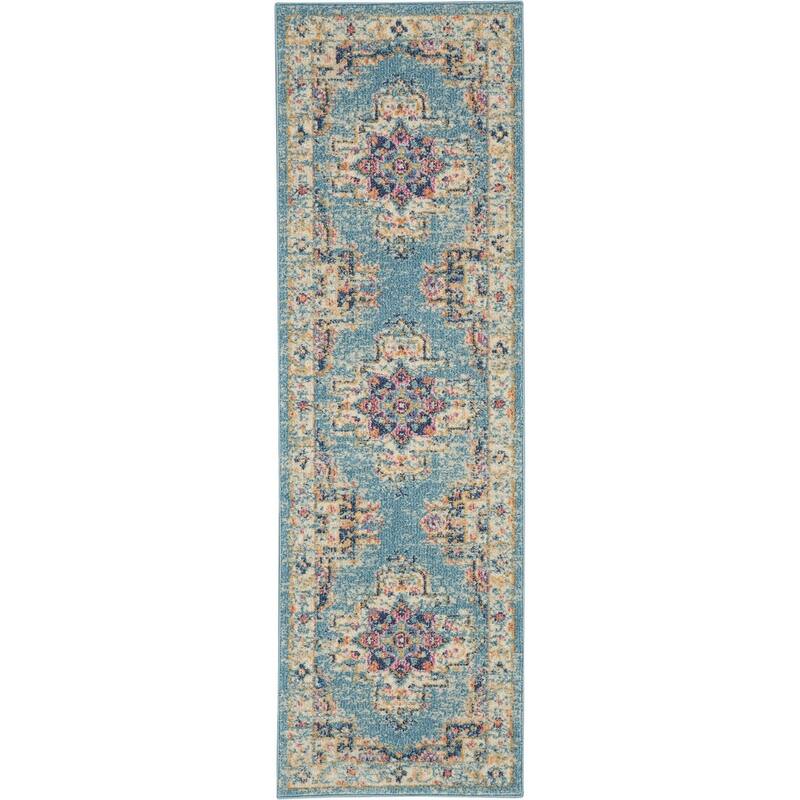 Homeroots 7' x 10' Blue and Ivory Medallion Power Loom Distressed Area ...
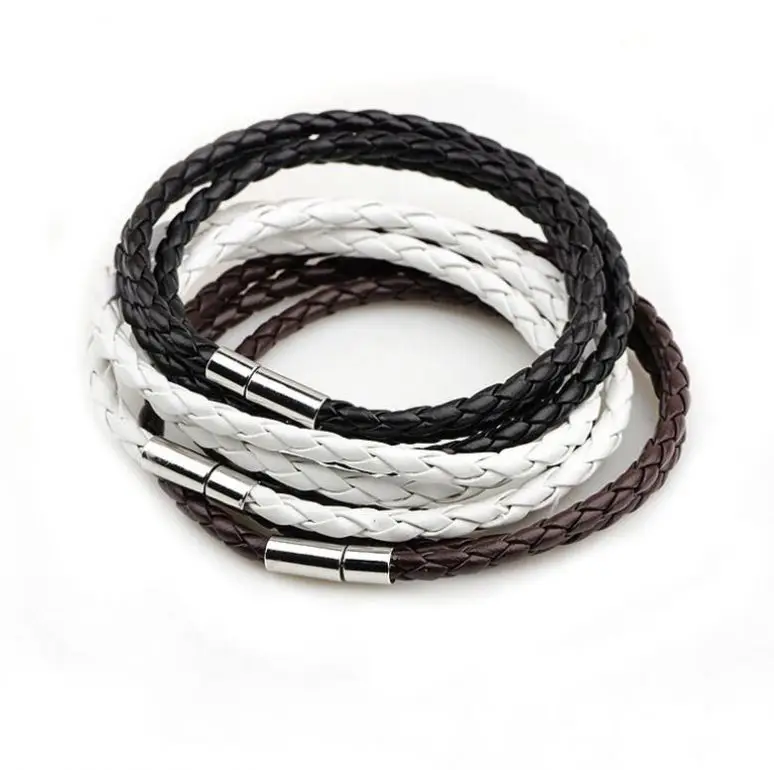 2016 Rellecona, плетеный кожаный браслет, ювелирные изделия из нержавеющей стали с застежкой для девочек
**********
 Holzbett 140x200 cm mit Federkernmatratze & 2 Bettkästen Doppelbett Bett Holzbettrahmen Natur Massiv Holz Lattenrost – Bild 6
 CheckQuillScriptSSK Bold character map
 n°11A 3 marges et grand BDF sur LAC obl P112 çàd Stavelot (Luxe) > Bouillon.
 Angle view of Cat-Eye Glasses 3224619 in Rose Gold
**********
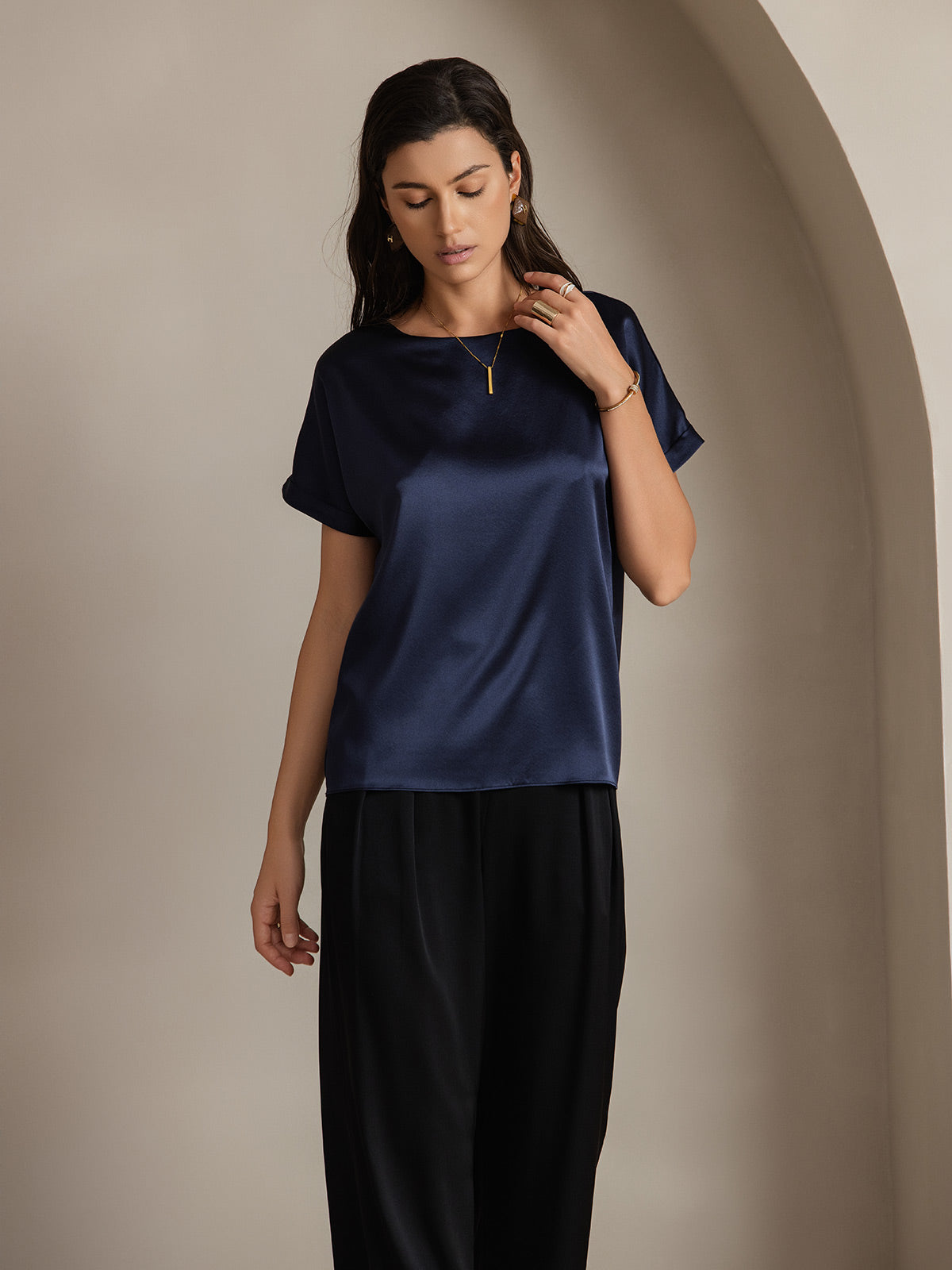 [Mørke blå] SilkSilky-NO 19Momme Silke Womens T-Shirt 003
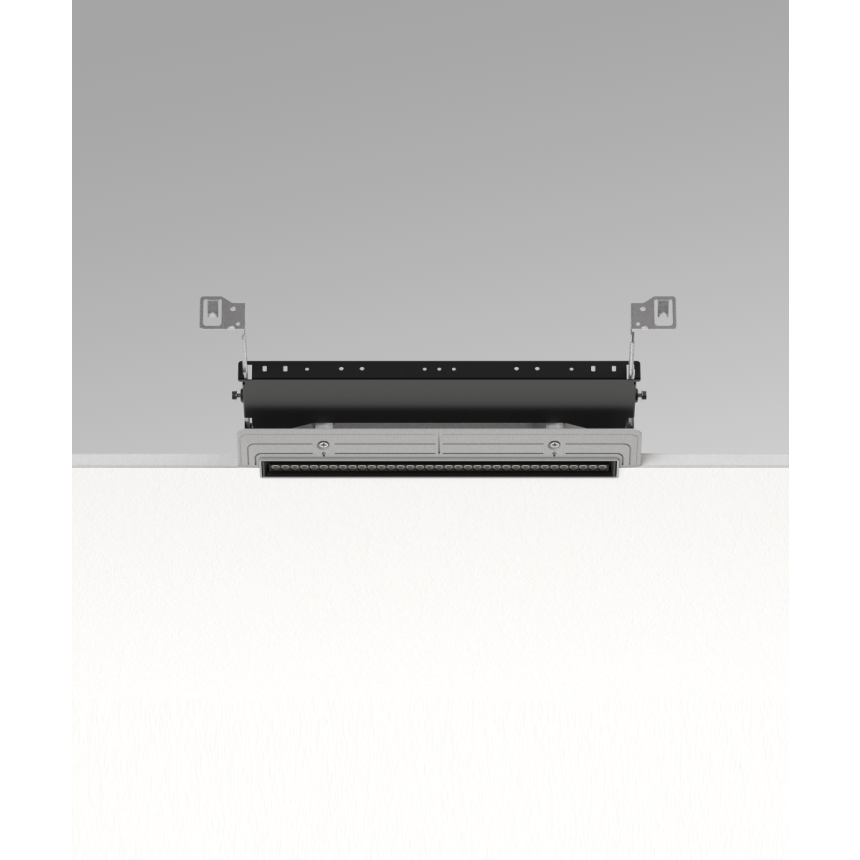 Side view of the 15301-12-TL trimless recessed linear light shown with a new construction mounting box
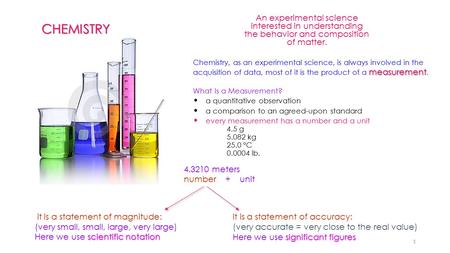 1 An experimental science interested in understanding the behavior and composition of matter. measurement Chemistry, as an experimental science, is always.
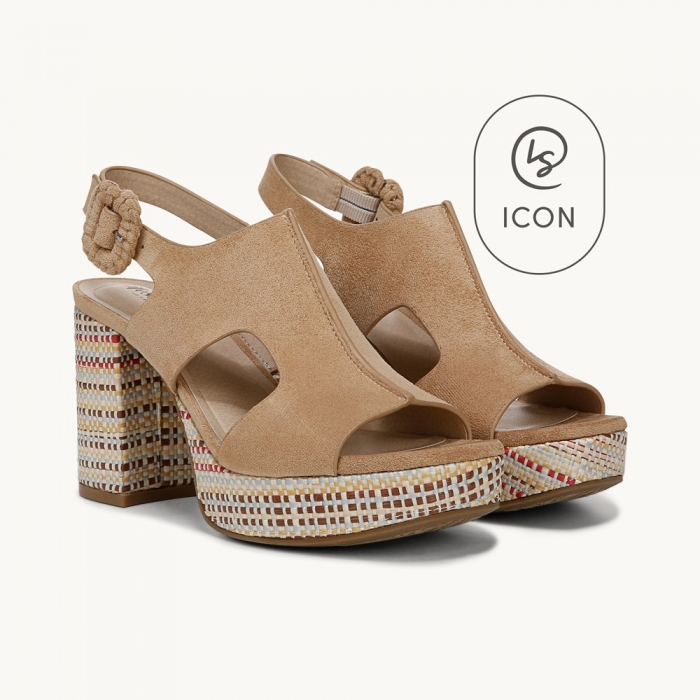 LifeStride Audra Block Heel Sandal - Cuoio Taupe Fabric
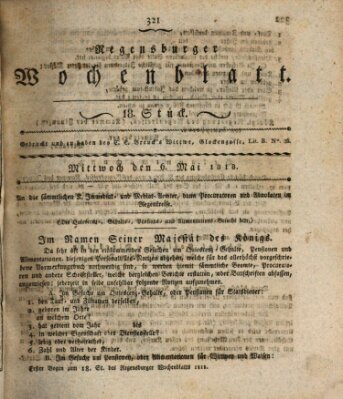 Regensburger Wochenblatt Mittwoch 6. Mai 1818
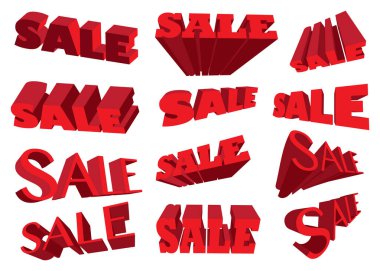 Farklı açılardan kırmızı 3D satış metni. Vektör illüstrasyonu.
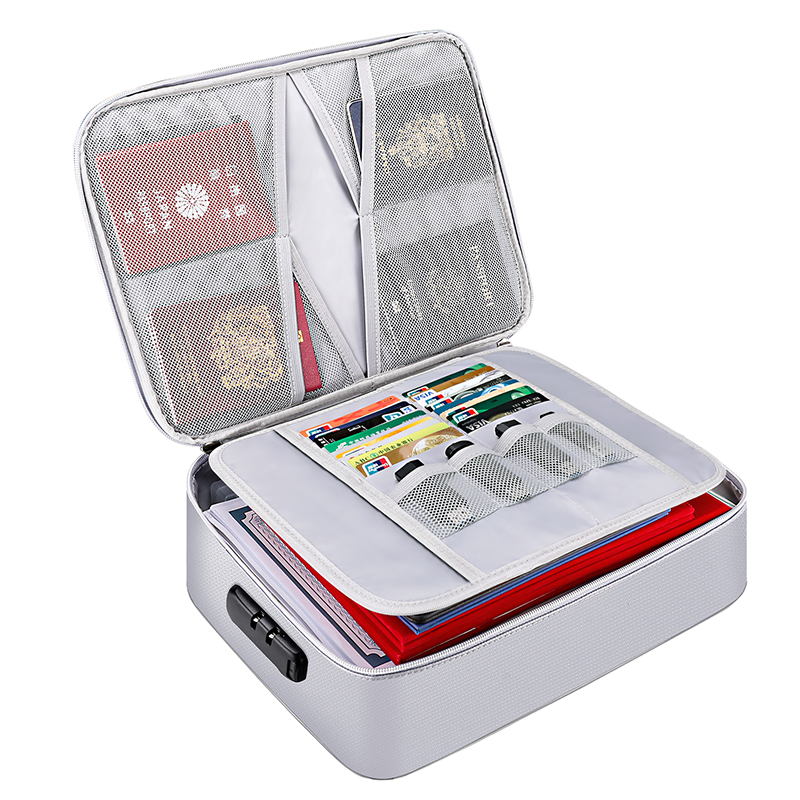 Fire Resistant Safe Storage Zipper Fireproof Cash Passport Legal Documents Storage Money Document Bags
**********
(Work required) Working from the entries above, please transcribe only the lines from the line with "Homeroots 7' x" through the line with "2016 Rellecona, плетеный", exactly, with both end lines and without pictures.

(Solution for this exercise)
 Homeroots 7' x 10' Blue and Ivory Medallion Power Loom Distressed Area ...
 2016 Rellecona, плетеный кожаный браслет, ювелирные изделия из нержавеющей стали с застежкой для девочек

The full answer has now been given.